FIG. 2 is a configuration diagram illustrating a configuration inside a developing container.

[Explanation of symbols]

 REFERENCE SIGNS LIST 1 photoconductor drum 1a conductive substrate 1b photoconductive layer 1c surface layer 2 exposure head 3 optical system 4 developing unit 6 paper removing means (cleaning means) 8 charging device 40 developing roller 41 developing container

 ──────────────────────────────────────────────────続 き Continuing on the front page (72) Inventor Keiji Itsukushima 704-19 Noshino, Tamaki-cho, Machi Prefecture Mie Prefecture Inside the Mie Tamaki Plant, Kyocera Corporation (72) Inventor Yoshio Ozawa 704-19 Noshino, Tamaki-cho, Tamaki-cho, Mie Prefecture Kyocera Corporation Mie Tamaki Factory

Claims (8)

[Claims] 1. A photoreceptor having a surface layer formed of a-Si and a developing roller which rotates while rubbing the photoreceptor is formed on the photoreceptor surface while removing residual toner on the photoreceptor surface. Developing means for forming a toner image on a latent image; transfer means for transferring the toner image to recording paper; and paper dust removing means for removing at least paper dust attached to the surface of the photoreceptor after the transfer.

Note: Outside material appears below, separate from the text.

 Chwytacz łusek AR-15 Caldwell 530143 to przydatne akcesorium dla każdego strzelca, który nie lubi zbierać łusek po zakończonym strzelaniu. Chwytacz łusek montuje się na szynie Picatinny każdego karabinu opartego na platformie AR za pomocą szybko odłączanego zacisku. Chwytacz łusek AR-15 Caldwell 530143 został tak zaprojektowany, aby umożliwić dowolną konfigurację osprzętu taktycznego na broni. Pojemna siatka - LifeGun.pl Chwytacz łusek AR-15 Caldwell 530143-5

In the image forming apparatus, the toner layer of the developing roller may have a thickness of 0.3 to 0.9 mg / cm.
An image forming apparatus, wherein the number is set to ² . 2. A method a surface layer of the photosensitive member, the element ratio composition formula -: When represented as _{(a- Si l x C x H} ), x is 0.
95 ≦ x <1, and the dynamic indentation hardness of the outermost surface is 300 kgf / mm ² or less, and the hardness on the back side of the photoconductive layer side is higher than that on the outermost surface side, and preferably, as it proceeds toward the back side. 2. The image forming apparatus according to claim 1, wherein the hardness is set to gradually increase. 3. When the toner image on the surface of the photoconductor is transferred onto recording paper by the transfer roller, the peripheral speed between the transfer roller and the photoconductor is made different. 2. The image forming apparatus according to claim 1, wherein the size of the image forming apparatus is larger than that of the photoconductor. 4. A supply roller for supplying toner by rubbing and rotating with the developing roller, wherein a rotation direction of the supply roller is set to the same direction as the developing roller, and between the developing roller and the supply roller. 2. The image forming apparatus according to claim 1, wherein a potential difference generated by applying a voltage to the toner is set to 30 to 300 V, which has the same polarity as the frictional charging electrode of the toner. 5. An image forming apparatus according to claim 1, wherein a peripheral speed ratio of said developing roller to said photosensitive member is set to 1.2 times to 5.0 times. 6. The image forming apparatus according to claim 1, wherein a contact time between said photosensitive member and said developing roller is set to 0.01 second to 0.1 second. 7. The image forming apparatus according to claim 1, wherein the toner particles are manufactured by a polymerization method. 8. The image forming apparatus according to claim 5, wherein the rotation directions of the photoconductor and the developing roller are reversed.